Like most Android-focused "docks," the Phorus units include Bluetooth, but that's only there as a backup - with iOS devices in mind.

Today's demo involved a hotel suite set up with several PS1 speakers and PR1 receivers hooked up to various systems. Setup of devices was quick and easy, requiring no cryptic codes or blinking LED patterns. The app handles Wi-Fi login, letting you enter a single password to sign all PS1 and PR1 devices onto your network in one fell swoop; thereafter you can give them names, or you can deal with such niceties later. The app then automatically indexes the music files on your device, and you can get started playing music right away.

Play-Fi runs in the background, letting you do other stuff with your Android device while you listen. You can't send audio through Play-Fi from your other apps, but DTS/Phorus is working on access to streaming services; Pandora was an option during the demo (you can also use Bluetooth to stream from other audio apps on your phone, though you can't take advantage of Play-Fi benefits, like lossless streaming). If you're carrying your device around, you can send your audio stream to various combinations of playback devices on your network with no perceptible lag. Functionality in the demo I saw was smooth and polished.

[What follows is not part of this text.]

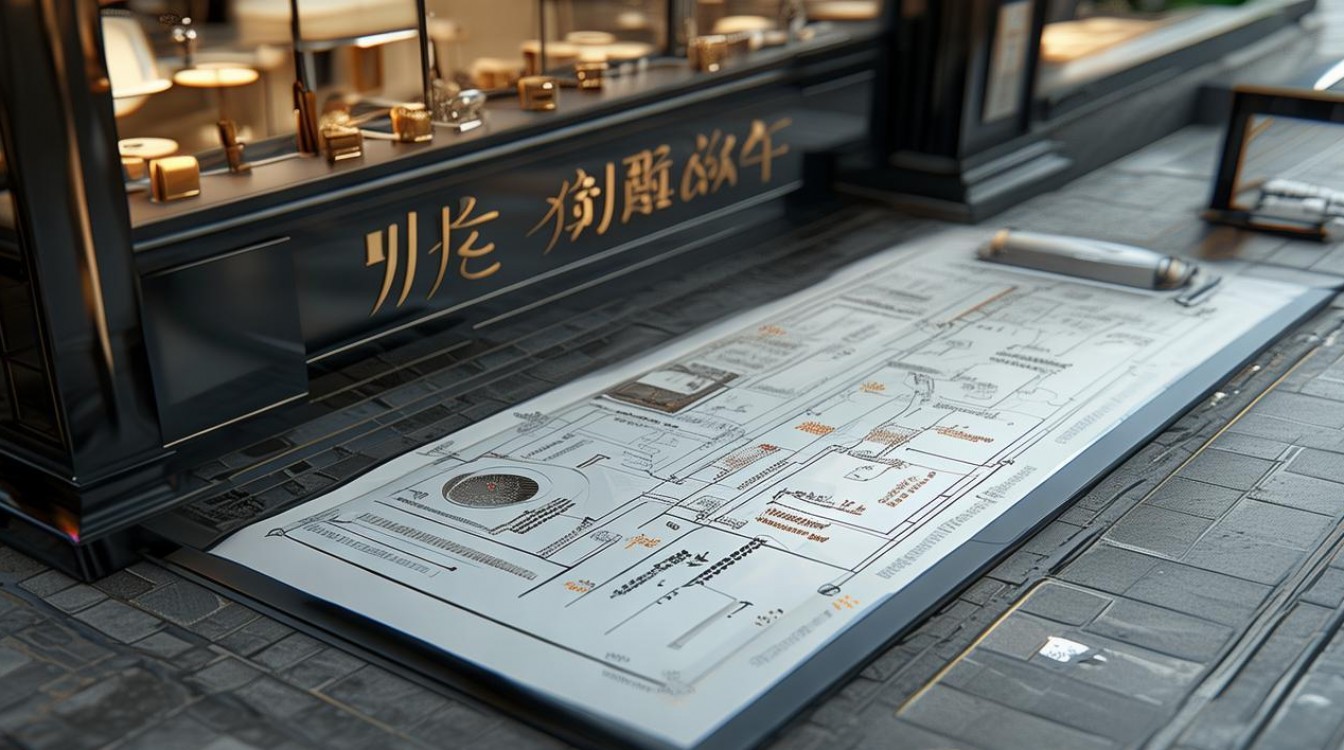 哪里能找到百年灵手表的专业维修点？-第1张图片-DC维修站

The PS1 sounded good and played quite loudly - the goal with these sorts of designs is "room-filling sound" and it certainly delivered. If you prefer to roll your own system, the PR1 offers an analog output.

The long-term plan is that Play-Fi will make its way into a broad range of devices, though other partners have not yet been announced. Phorus' systems are a nice proof of concept, and an inexpensive way to get into mobile device based audio. And you can order one right now; units will be available October 1.